Vital Provisions for Separation Agreements
The insurance provision of a Separation Agreement should specifically provide for a number of things. The Agreement should state that if the payor spouse does not leave the insurance policy proceeds required, whatever is missing will be a claim against the payor spouse’s estate (as well as any other remedy provided at law, such as equitable claims and trustee actions) and that the estate must pay any attorney’s costs incurred in enforcing this provision. A claim for missing proceeds of an insurance policy can be made against the estate, or as an equitable claim against the party (often a new spouse) named as beneficiary of the life insurance proceeds, in contravention of the separation agreement. See Foster v. Hurley, 444 Mass. 157 (2005). The Separation Agreement should specify that if subsequent life insurance policies are purchased, they shall be deemed to be intended for the benefit of the payees under the current Separation Agreement to the extent of the support amounts or policy face amounts required under the agreement. This means that the prior obligation cannot be circumvented by buying new policies and canceling the old one. In order to prevent changes in beneficiary designations and insurance policy amounts, the payor spouse should be required under the agreement to give the other party yearly proof of insurance coverage.
Should the Recipient Ex-Spouse or Trust Own the Policy?
One way to eliminate the problem of a payor spouse changing the beneficiary designation of a life insurance policy is to have the recipient (the ex-spouse, or trust for the benefit of children) own the policy. The payor spouse would be the “insured”, but the owner of the policy would have the right to change (or not change) beneficiaries. The question of who pays for the policy premiums could be an issue addressed in the Separation Agreement. The downside of having the payee own the policy, is that it does not necessarily address the issue of scaling down the amount to be paid for support as the child approaches emancipation.

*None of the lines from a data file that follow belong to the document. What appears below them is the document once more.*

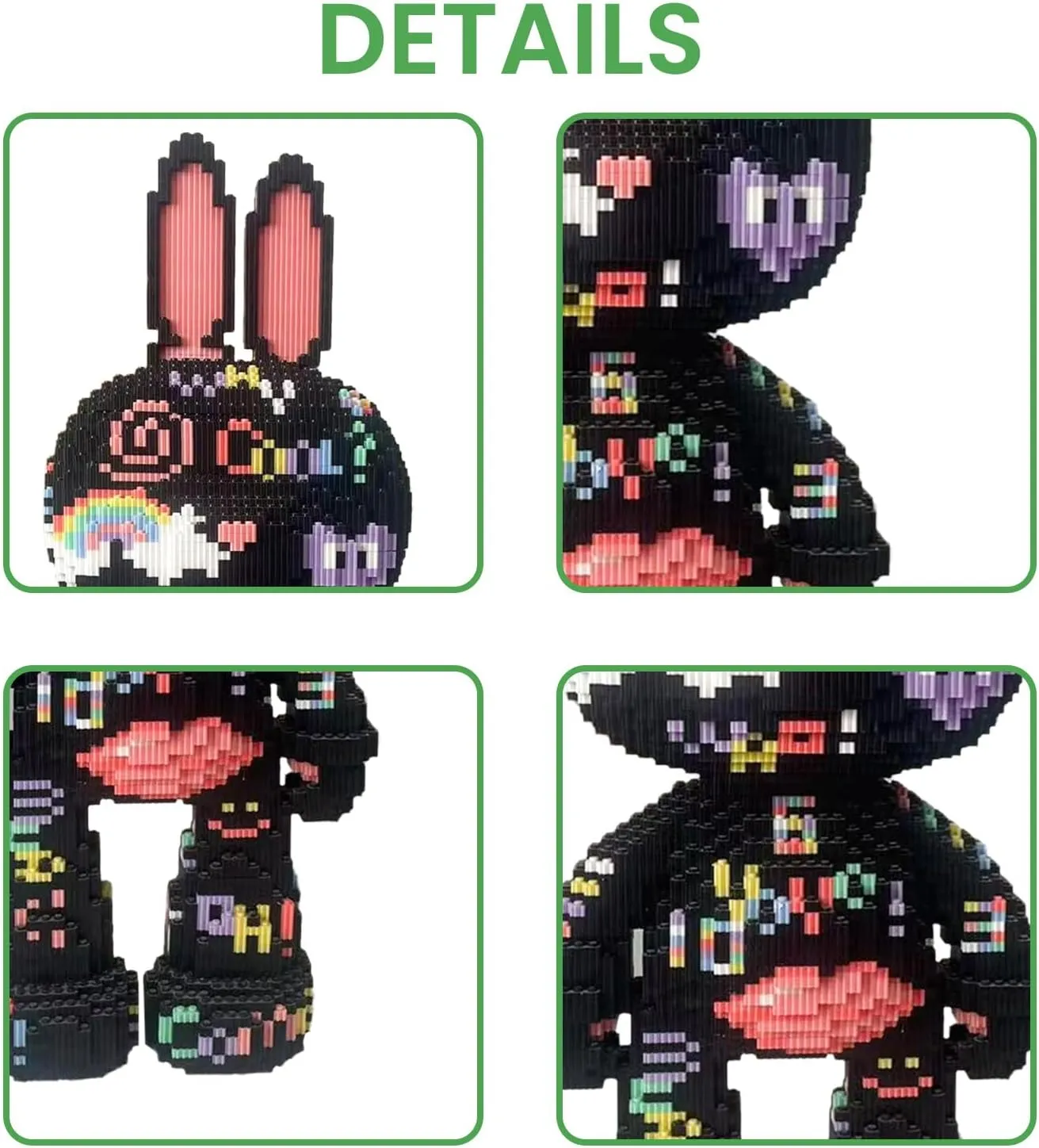 Letter Pen Doodle Rabbit Building Blocks (7150 PCS), 3D Micro Animal DIY Bear Building Blocks for Adults & Teenager, Creative Toys Ideal Gift for Family & Friends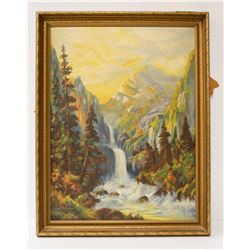 ANTIQUE OUL ON BOARD MOUNTAIN SCENE WITH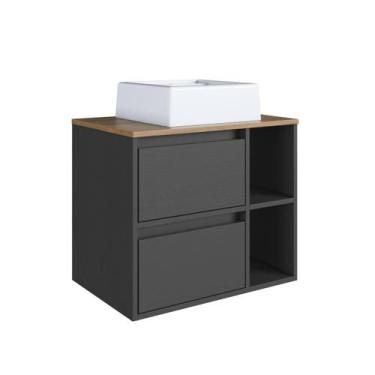 Imagem de Gabinete de Banheiro Suspenso 60cm com 2 Nichos 1 Porta Basculante e 1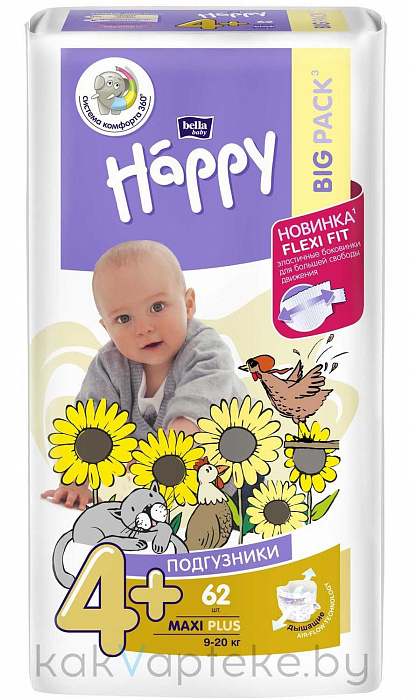 Bella Baby Happy Maxi Plus Подгузники гигиенические для детей (Flexi Fit), 62 шт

The scale-down of proceeds could still apply in the hands of the owner, with the excess required to be paid to the payor spouse’s estate. The Separation Agreement could require the policy to be transferred back to the ownership of the payor spouse if he or she lives after his/her obligation to support terminates.
Providing for support obligations through life insurance is an excellent way of securing the obligations of a payor spouse in a divorce, and great care should be giving the life insurance provision in a Separation Agreement.